Geoffrey Wilkinson | Biography

Geoffrey Wilkinson was born on July 14, 1921, in Yorkshire, England, to Henry and Ruth Crowther Wilkinson. It was an uncle, the owner of a small chemical company in the town of Todmorden, who encouraged Wilkinson's interest in chemistry and had the most influence on his career choice. Wilkinson attended the Todmorden Secondary School and then the Imperial College of Science and Technology at the University of London. Supported by a scholarship, he obtained his B.S. degree in 1941 and his doctorate in 1946.

In 1942, while still a doctoral student, Wilkinson worked with the National Research Council on a joint atomic energy project. His work involved separating the various products of atomic fission reactions from one another so they could be studied and the fission process better understood. In the course of this work Wilkinson developed a new technique, ion-exchange chromatography, which has since proven useful in many chemical analyses. Using this technique, Wilkinson identified a number of new isotopes, atomic species which vary only in the number of neutrons within their nuclei. After World War II, Wilkinson continued his research on nuclear chemistry at the University of California at Berkeley. His work there focused on identifying neutron-deficient isotopes, products of atomic fission that are unstable because they have too few neutrons in their nuclei.

In 1950, Wilkinson moved to the Massachusetts Institute of Technology as a research associate. He had come to the end of what he considered to be his effectiveness in nuclear synthesis research, and began to study the chemical nature of the transition elements. These are the elements found in the center of the periodic table; they often have more than a single stable electrical charge state and unusual magnetic properties. One of Wilkinson's first major breakthroughs was to synthesize a compound in which the transition element nickel was chemically bound to phosphorus within a larger molecule.

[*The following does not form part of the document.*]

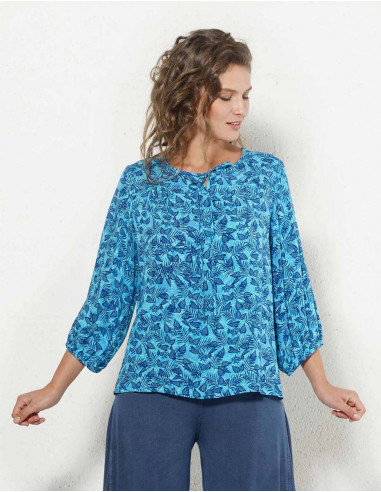 Blusa viscosa mangas 3/4 estampado canarios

Despite his decision to change the focus of his research, it was Wilkinson's expertise as a nuclear chemist that earned him a position as an assistant professor at Harvard University in 1951. It was here that he first deduced the sandwich-type molecular structure. Early in 1952, while preparing to teach an inorganic chemistry course, Wilkinson read about a newly synthesized compound, bicyclopentadienyl iron (a chemical made from an iron atom bonded to two five-carbon rings). The structure proposed seemed unlikely to Wilkinson. Based on theories developed by Linus Pauling, he thought that the key to the structure must lie in the distribution of the so-called pi electrons in the cyclopentadienyl ring. Pauling's work indicated that this ion would have its pi electrons very evenly distributed in rings parallel to the plane of the carbon atoms. Wilkinson realized that a stable structure would result if the iron atom bonded through the pi electrons and was thus held equidistant from all of the carbon atoms in the cyclopentadienyl ring. In bicyclopentadienyl iron this would be possible only by having the iron atom "sandwiched" between the two flat cyclopentadienyl groups.

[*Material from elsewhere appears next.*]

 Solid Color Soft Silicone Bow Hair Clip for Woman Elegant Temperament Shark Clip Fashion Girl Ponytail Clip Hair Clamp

Along with a colleague, Robert B. Woodward, Wilkinson experimentally proved this novel structure in a few days. Woodward coined the term ferrocene, due to the similarity of the structure to the well-known compound benzene. Wilkinson rapidly adapted the synthesis methods to create a number of other sandwich compounds. For discovering this previously unknown class of chemical structure, Wilkinson shared the 1973 Nobel Prize in chemistry with Ernst Otto Fischer. Fischer had also worked on these compounds, and in presenting the award the committee congratulated both men for creating a new field of chemistry.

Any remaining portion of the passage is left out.